Two recent randomized trials of ceftaroline vs. vancomycin plus aztreonam for the treatment of
complicated SSTI were conducted in which patients were included only if the infection required
hospitalization and involved deeper soft tissue or required significant surgical intervention (apart from
bedside I&D) OR consisted of cellulitis or lower extremity abscess in patients with diabetes mellitus or
peripheral vascular disease. Diabetic foot infections with underlying osteomyelitis, human or animal bite
wounds, necrotizing fasciitis, gangrene, and prosthesis-associated infections were excluded. By end of
treatment (typically 14 days), approximately 90% of all patients enrolled achieved clinical cure, defined
as resolution of all signs and symptoms of SSTI to the extent that further antimicrobial therapy was not
necessary. Early clinical response was defined as cessation of spread of the lesion from baseline and
absence of fever at day 3; this was seen in approximately 70% of patients. Only 50-60% of analyzed
patients had a 20% decrease in lesion size by day 3.

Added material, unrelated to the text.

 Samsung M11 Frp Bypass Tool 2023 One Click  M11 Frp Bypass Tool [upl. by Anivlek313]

Another randomized trial comparing the new oxazolidinone tedizolid to linezolid in the treatment
of acute SSTI enrolled patients who had cellulitis, major cutaneous abscess, or wound infection
surrounded by erythema with a minimum total lesion surface area of 65 cm2 accompanied by at least 1
local and regional (lymphadenopathy) or 1 systemic sign of infection, and a Gram-positive pathogen was
suspected or documented. At 48-72h approximately 90% had early clinical treatment response, and
approximately 75% of analyzed patients had a 20% decrease in lesion size. Overall, these are higher
early response rates than that observed in the ceftaroline studies, potentially due to lower acuity of
underlying disease (fever on presentation was less common and median lesion areas were smaller in the
tedizolid study).
In summary, it seems reasonable to expect resolution of fever and, at minimum, cessation of
spread of lesion at 72h in the large majority of cases of SSTI that require hospitalization and are
appropriately treated. However, lack of early response does not necessarily imply later clinical failure.
[TOP]
Pneumonia:
General principles:
 Due to competing clinical morbidities in our patient population (e.g. congestive heart failure,
COPD), discerning clinical improvement of pneumonia may be more difficult than in other
populations with less comorbid conditions.

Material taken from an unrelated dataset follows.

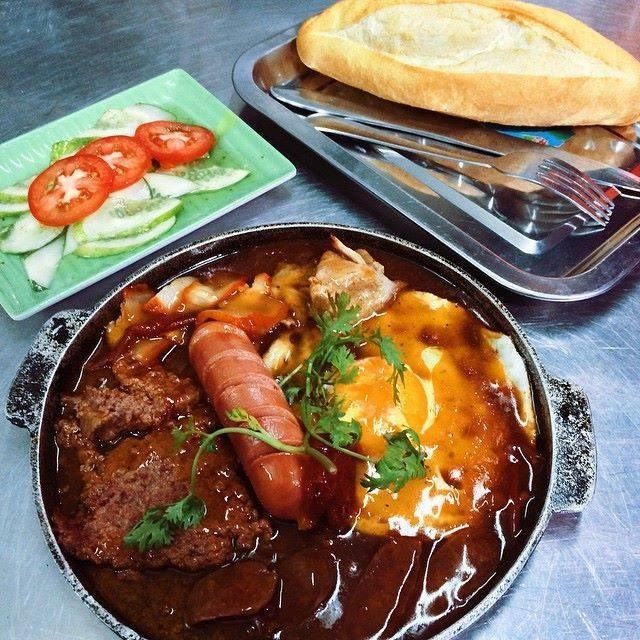 The Banhmi By Kun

 While the appearance of new infiltrates on chest radiograph in ventilated patients is a sensitive
(78-100%) marker for ventilator-associated pneumonia, it is not particularly specific (33-75%),
particularly when there is little else to support the diagnosis.
 Improvement and/or resolution of infiltrates due to pneumonia on chest radiograph often lags
other markers of clinical improvement with appropriate antimicrobial therapy.
 Encouragement of early mobilization and early switch to oral antimicrobial therapy has been
associated with decreased length of stay without decreasing subsequent readmission or
mortality.
[TOP]
Clinical course of community-acquired pneumonia: What the literature suggests:
Two recent randomized trials of ceftaroline vs. ceftriaxone for the treatment of communityacquired pneumonia were conducted in which patients with acute onset of illness (≤ 7 days) that
required initial dosing with an intravenous agent and hospitalization were enrolled. By day 4 of therapy,
roughly 60-70% of patients for whom data was available experienced clinical stability (i.e. no fever,
stable vital signs, baseline mental status, and improvement in either cough, dyspnea, pleuritic chest
pain, and sputum production). Clinical cure was defined as total resolution of all signs and symptoms of
pneumonia or improvement to such an extent that further antimicrobial therapy was not necessary (i.e.
absence of fever for at least 24h and a substantial improvement in signs and symptoms of pneumonia).
By end of therapy at 5-7 days, over 80% of patients experienced clinical cure.
Patients admitted to the general medical ward for community-acquired pneumonia may be able
to be converted to oral antimicrobial therapy and discharged fairly quickly. A recent analysis of
implementation of a 3-step critical pathway that encouraged early mobilization and use of objective
criteria for switching to oral antimicrobial therapy and for deciding on hospital discharge or usual care
for community-acquired pneumonia enrolled 401 immunocompetent patients admitted to general
medicine wards at a single medical center in Spain. The median length of stay was 3.9 days in the group
receiving the 3-step intervention, compared to 6.0 days in the usual care group. The median duration of
intravenous antimicrobial therapy was 2.0 days in the 3-step group and 4.0 days in the usual care group.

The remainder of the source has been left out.